Top of Data

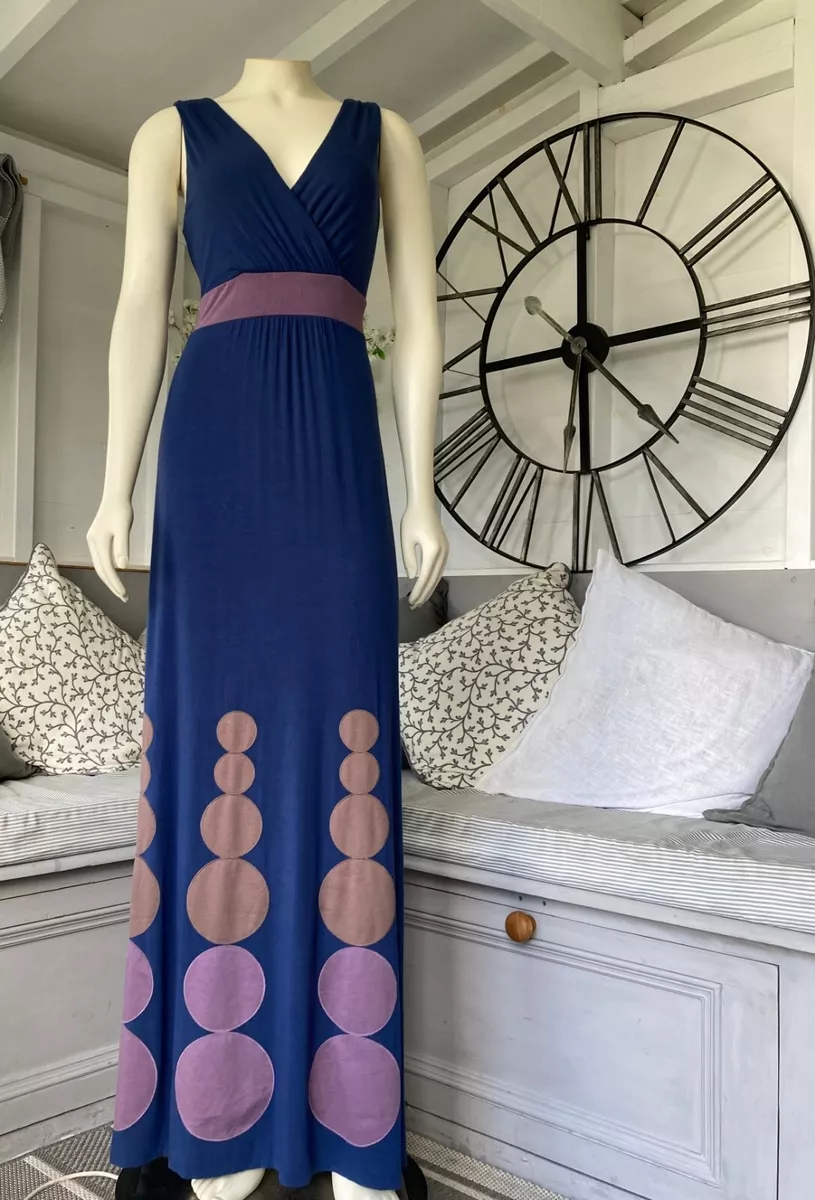 Boden hotsell evening wear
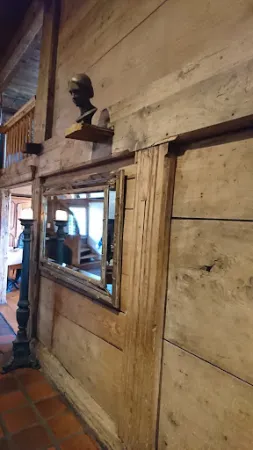 Bild von Landgasthof Rohrmoos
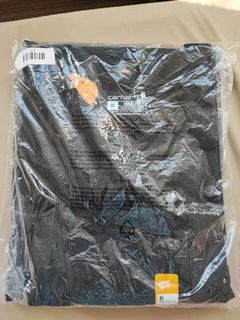 （分類：）位於 。 由 Angel_0506 提交（商品編號 1188583895，圖片 1）。簡介： 。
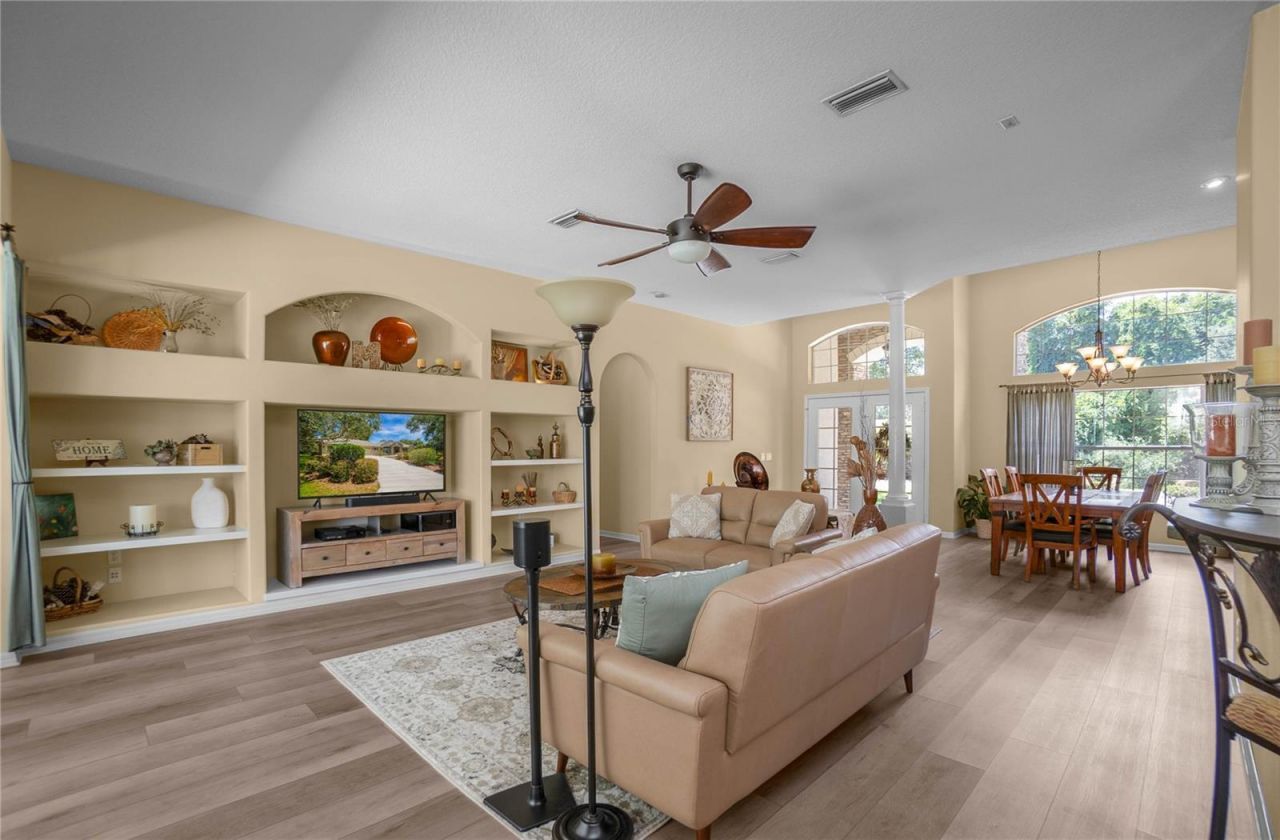9807 E Lake Tahoe Drive , Inverness, FL 34450 Photo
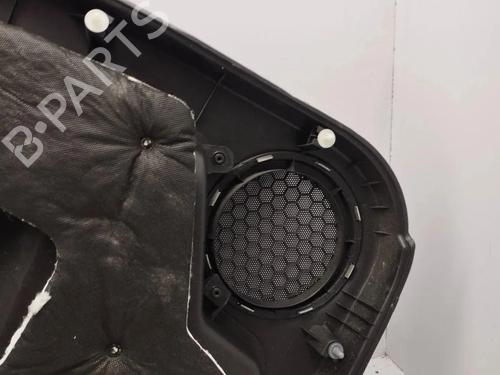Rear right panel OPEL ANTARA A (L07) 2.2 CDTi 4x4 | BP36062114C61 - Image 7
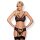 Obsessive 3 pcs Set S - XL
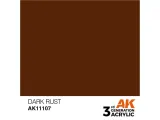 farba-akrylowa-dark-rust-ak11107-ak-interactive
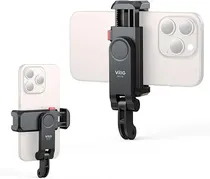  Vrig Holder...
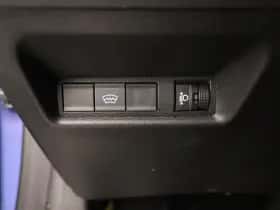 Fiat 600e thumbnail 22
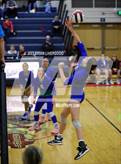 Photo from the gallery "Doherty @ Liberty"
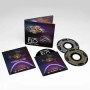 ELECTRIC LIGHT ORCHESTRA
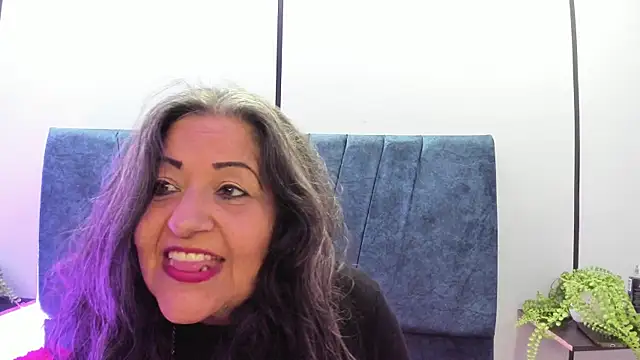 Victoriaa Anderson online show from June 2026 09:27:01 PM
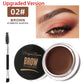 CNDK Waterproof Brow Cream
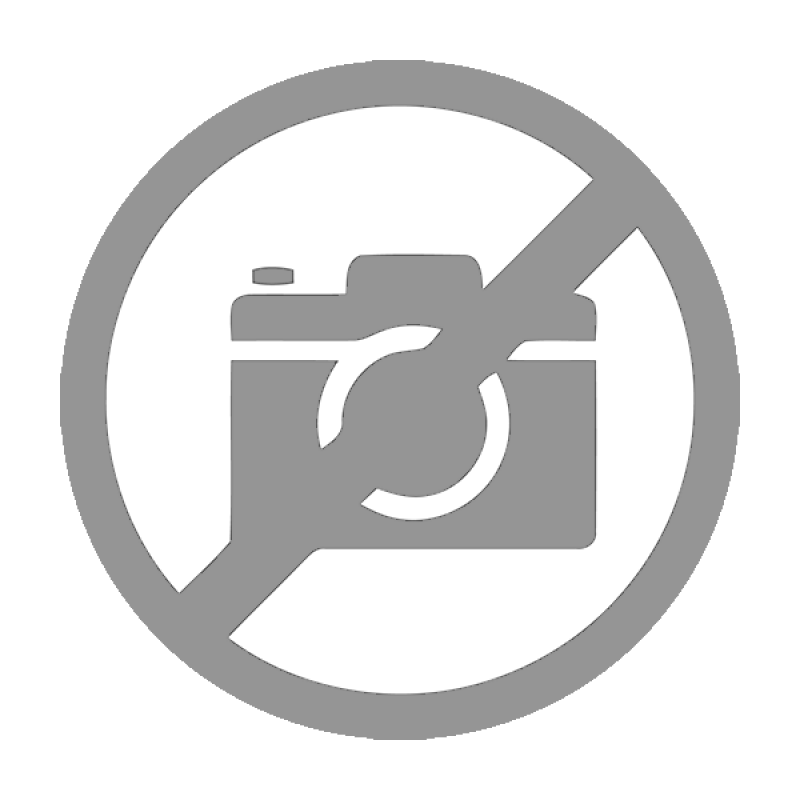 Essência Cascas e Folhas 1.000ml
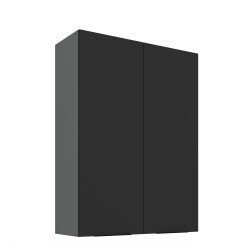 80 G-108 2F - ARIA BLACK / ANT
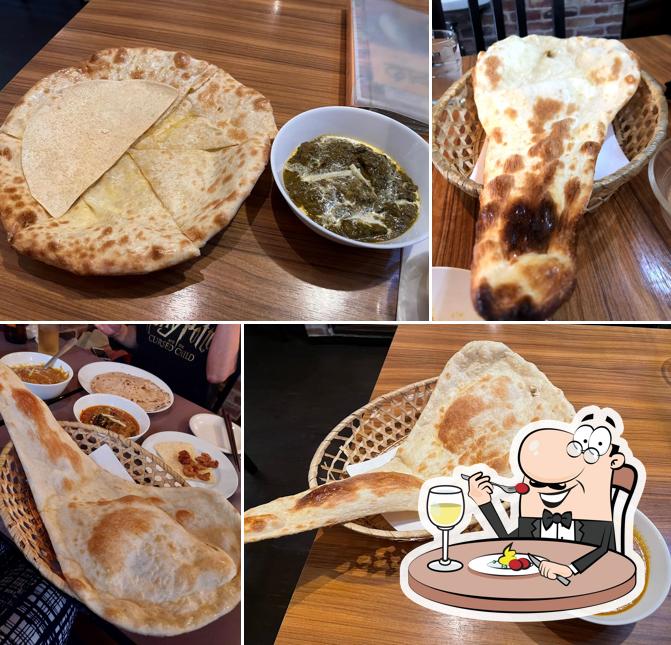 Dhaba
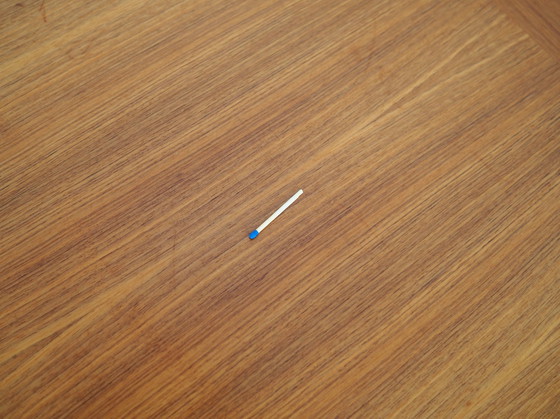 Image 1 of Coffee Table, Swedish Design, 1970S, Production: Sweden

Bottom of Data

**Prompt**
Final stretch of the data: repeat exactly each line from the one containing "Victoriaa Anderson online" through the last, and omit all pictures.

**Output below**
 Victoriaa Anderson online show from June 2026 09:27:01 PM
 CNDK Waterproof Brow Cream
 Essência Cascas e Folhas 1.000ml
 80 G-108 2F - ARIA BLACK / ANT
 Dhaba
 Image 1 of Coffee Table, Swedish Design, 1970S, Production: Sweden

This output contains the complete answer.